This is the first of what will be several posts over the next week or two speculating on what might have been different for US foreign policy and international affairs had Hillary Clinton won the presidency. This first piece focuses on US-Russia relations.
After 188 days of the Trump presidency and counting, we have a pretty good idea of what his foreign policy is like. Simply put, it ain’t pretty.¹
But what would foreign policy have looked like with Hillary Clinton in the White House? At least one analyst suggests it might not have been all that different. Let me suggest otherwise.
It is also true, however, that some developments would have unfolded more or less in the same way that they have under President Trump. Any American president has only limited influence on the ebb and flow of global relations, and so some problems which we might be tempted to lay at Trump’s feet likely would have happened anyway, regardless of who is in the White House. I’m looking at you, North Korea.
With that disclaimer in place, here we go:
Given the unfolding revelations of the extent of Russian efforts to tip the 2016 election to Donald Trump, US-Russia relations are at their lowest point since the Cold War. Russian Ambassador Sergy Kislyak, who was accused of coordinating secret contacts between the Trump campaign and Russian intelligence operatives, announced his retirement and immediate return to Moscow. The Clinton Administration had privately warned the Kremlin that Kislyak and other Russian diplomats would be formally expelled if Kislyak did not voluntarily step down.
Clinton has also warned that the United States will not hesitate to retaliate should Moscow attempt to undermine the 2018 midterm elections.
The Justice Department has announced the creation of a special task force targeting suspected Russian money laundering operations involving real estate transactions in New York and south Florida.
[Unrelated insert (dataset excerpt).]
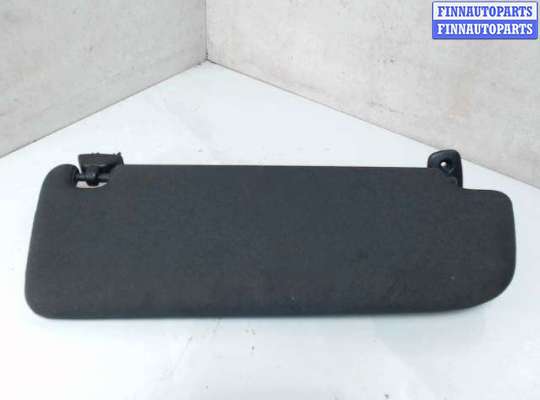 купить Козырек солнцезащитный на Audi A6 (C6) (2005 - 2011)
The task force is headed up by New York US Attorney Preet Bharra.
Sanctions against Russia put in place by the Obama Administration immediately after the election remain in place, and President Clinton has vowed to impose even tougher sanctions, though she faces opposition from the Republican-controlled Congress which accuses her of targeting Russia and the former Trump campaign to distract attention from new congressional investigations into the Clinton Foundation’s ties to foreign interests and her handling of classified information as Secretary of State.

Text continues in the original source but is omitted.